Rookie Harold Landry has benefited from the absence of veteran Brian Orakpo from the lineup due to a shoulder injury.
Orakpo’s setback has allowed Landry to get first-team reps with the Tennessee Titans defense.
But perhaps even more valuable than that, those first-team reps have been against Pro Bowl left tackle Taylor Lewan, one of the best in the business on the offensive line.
And while Landry is getting schooled a bit by the Titans’ $80 million tackle, it is a valuable education that should make him a better player sooner rather than later.
“He sees the bigger picture. He sees that we’re still teammates and he cares about my development as a player,” Landry said of Lewan. “I tell people that I knew him before I even got drafted here, and it means a lot that he’s looking out for me and that he wants me to get the best out of me every day. So, I’m lucky.”
Coach Mike Vrabel likes that Landry is getting his NFL baptism courtesy of a top-flight tackle right there I his own practice sessions.
“The better the guys you go against, the better you can become. He’ll get frustrated, but he knows that probably not all the tackles are going to be that good, and hopefully, it gets easier once the games start,” Vrabel said.
Lewan’s act of helpfulness is not an isolated incident with the Titans in this camp.
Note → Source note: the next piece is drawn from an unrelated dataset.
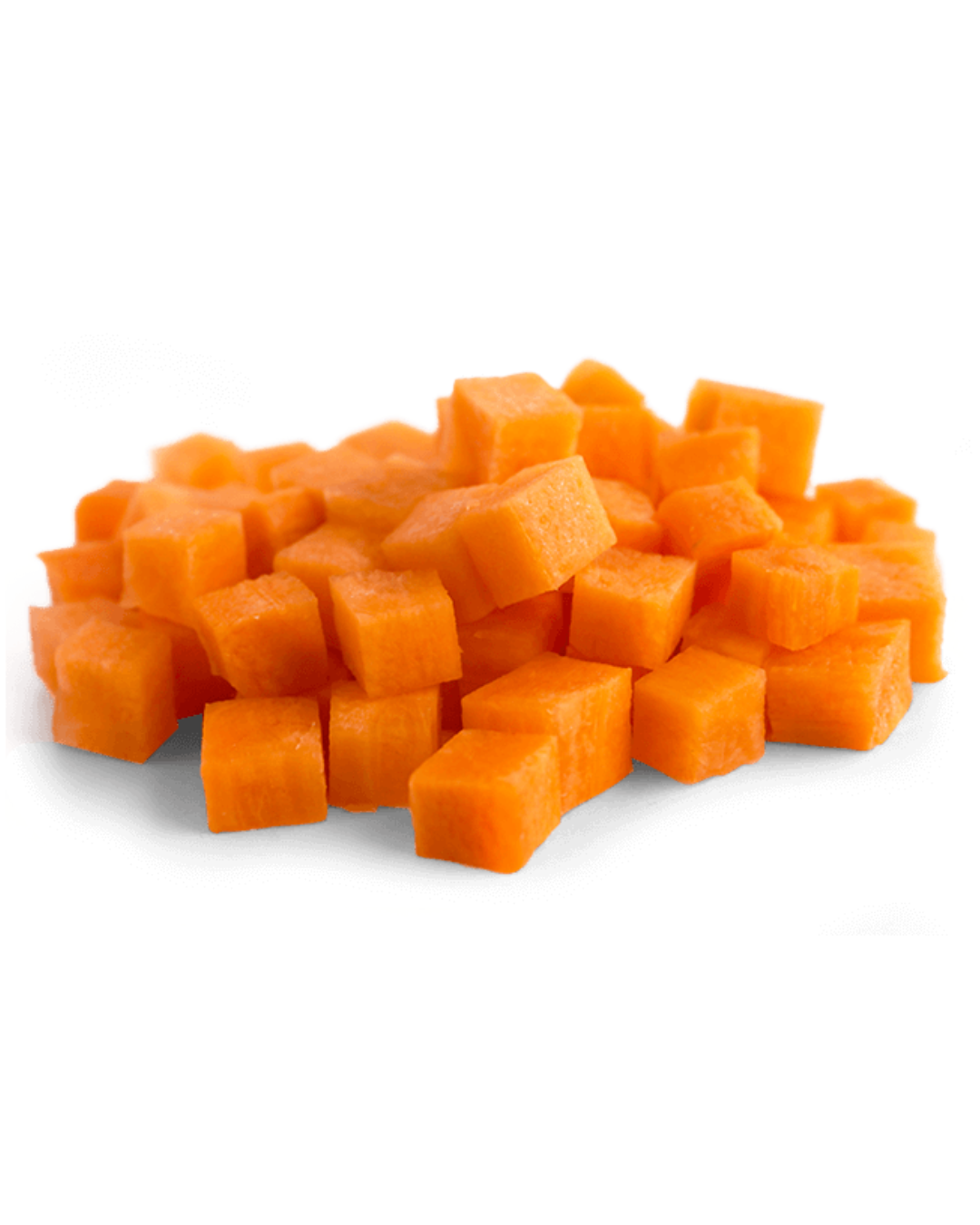 Washed, Peeled & Diced Fresh Carrots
About a week ago in practice, veteran cornerback Malcolm Butler was running a play in team drills and noticed that both Corey Davis and Taywan Taylor were in his coverage area. So he calmly, but succinctly informed the two second-year pros that one of that – shall we paraphrase – run an incorrect route.
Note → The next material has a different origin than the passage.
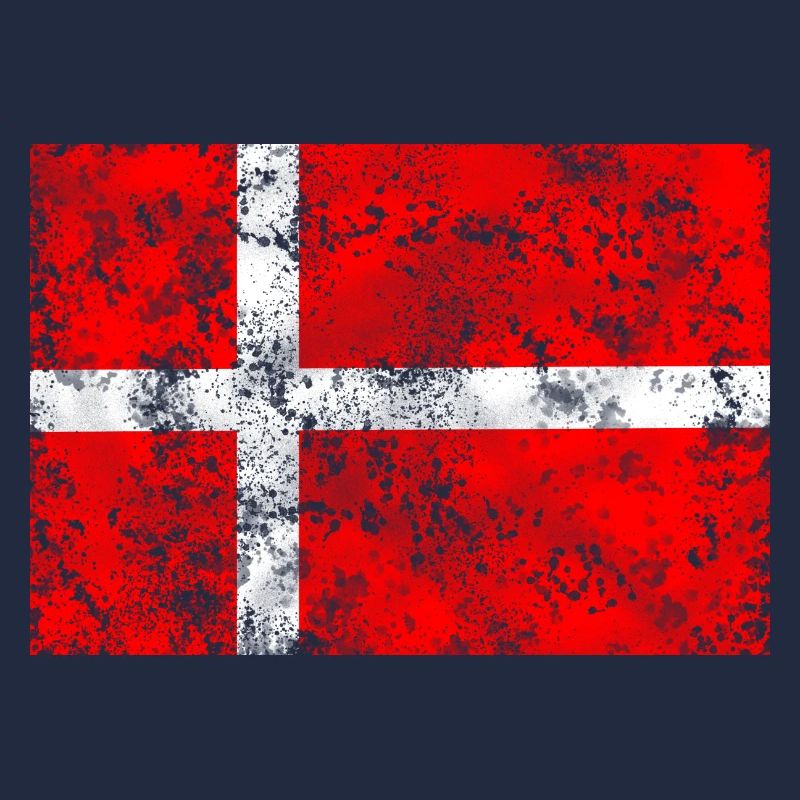 Drapeau du Danemark Vintage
Vrabel appreciates that the players are stepping up and looking out for each other, even then it goes across one side of the football to the other.
“Anytime that these guys can help each other, whether that be on the field, or in the locker room or outside this building, I’m all for it. That’s a huge step in the right direction toward becoming a good team, a great team that cares about each other more than they care about themselves,” Vrabel said. “So when they can do that, they can start to hold each other accountable. I try to hold them accountable, but sometimes it works and sometimes it doesn’t. That’s how it goes. Ultimately, those players that hold each other accountable, then you can start to do some good things.”